* **Required action**: Look below for the line containing "dark shadows comic strip 5 anyone" and the line containing "6x Oral B Essential", then set down both and every line between them exactly, without pictures.

━━━ Records

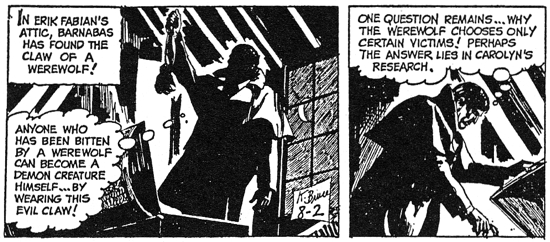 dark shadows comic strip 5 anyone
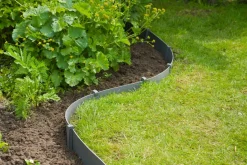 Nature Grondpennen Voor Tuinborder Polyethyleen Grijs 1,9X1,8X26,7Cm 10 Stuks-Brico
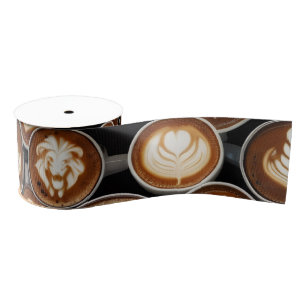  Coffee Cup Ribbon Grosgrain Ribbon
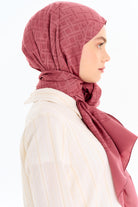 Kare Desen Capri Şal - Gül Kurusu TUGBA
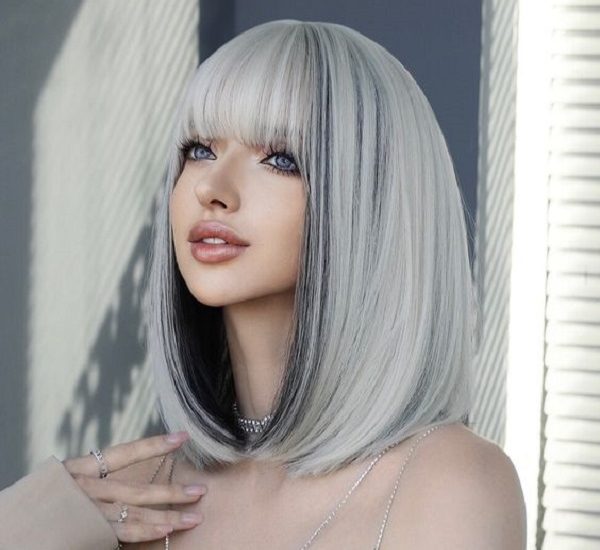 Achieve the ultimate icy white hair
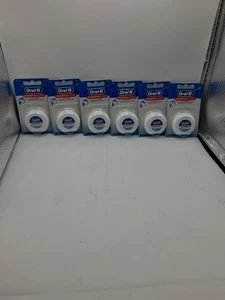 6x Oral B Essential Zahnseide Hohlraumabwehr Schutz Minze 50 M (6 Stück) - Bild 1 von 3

━━━━━━
━━━ Records

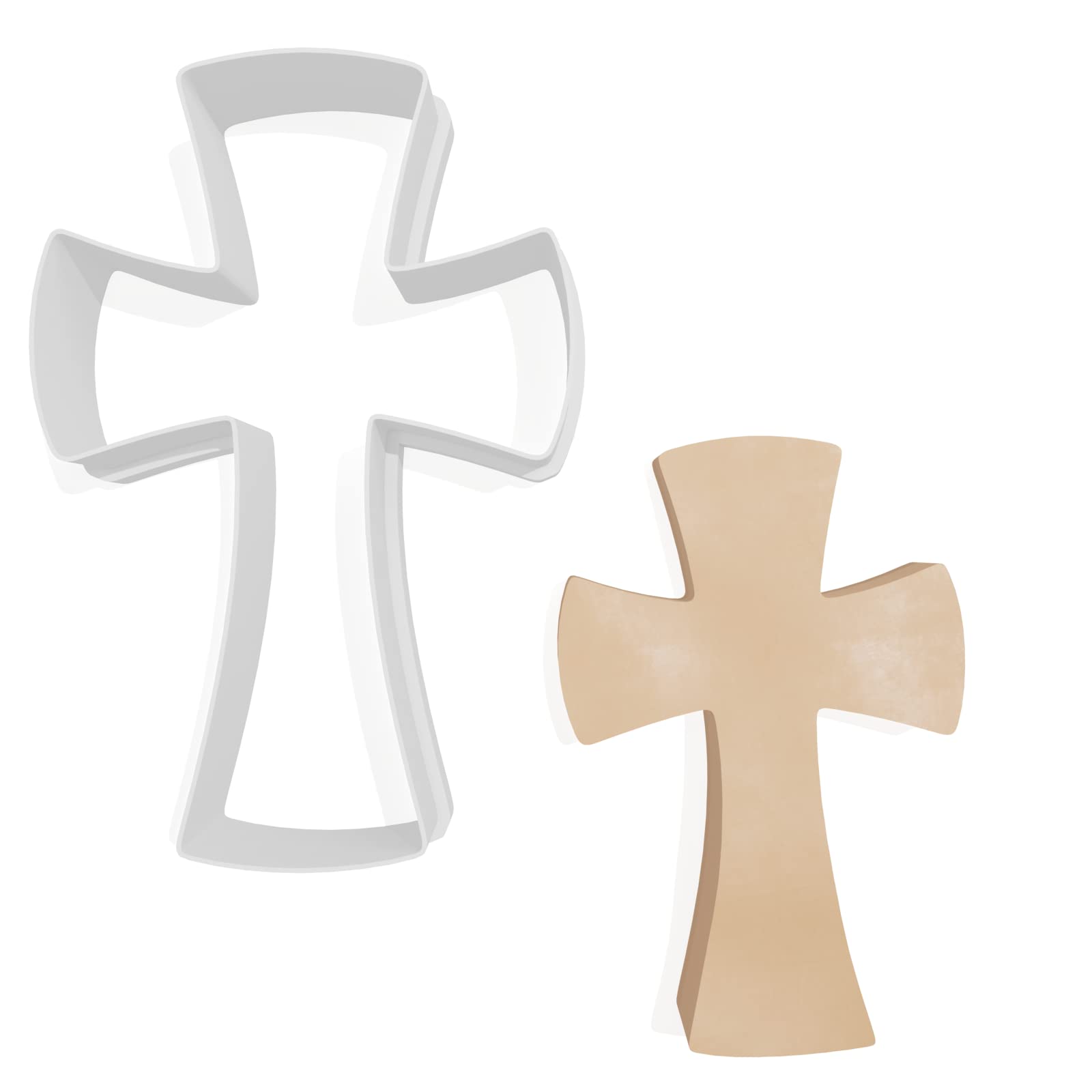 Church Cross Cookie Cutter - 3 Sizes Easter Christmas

━━━━━━
━━━ Records

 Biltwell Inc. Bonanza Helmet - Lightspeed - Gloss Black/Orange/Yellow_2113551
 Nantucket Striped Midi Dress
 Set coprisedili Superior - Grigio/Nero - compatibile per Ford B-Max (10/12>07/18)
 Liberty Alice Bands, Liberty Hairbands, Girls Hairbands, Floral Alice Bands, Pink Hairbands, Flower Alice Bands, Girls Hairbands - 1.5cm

━━━━━━

* **Response box**:
 dark shadows comic strip 5 anyone
 Nature Grondpennen Voor Tuinborder Polyethyleen Grijs 1,9X1,8X26,7Cm 10 Stuks-Brico
  Coffee Cup Ribbon Grosgrain Ribbon
 Kare Desen Capri Şal - Gül Kurusu TUGBA
 Achieve the ultimate icy white hair
 6x Oral B Essential Zahnseide Hohlraumabwehr Schutz Minze 50 M (6 Stück) - Bild 1 von 3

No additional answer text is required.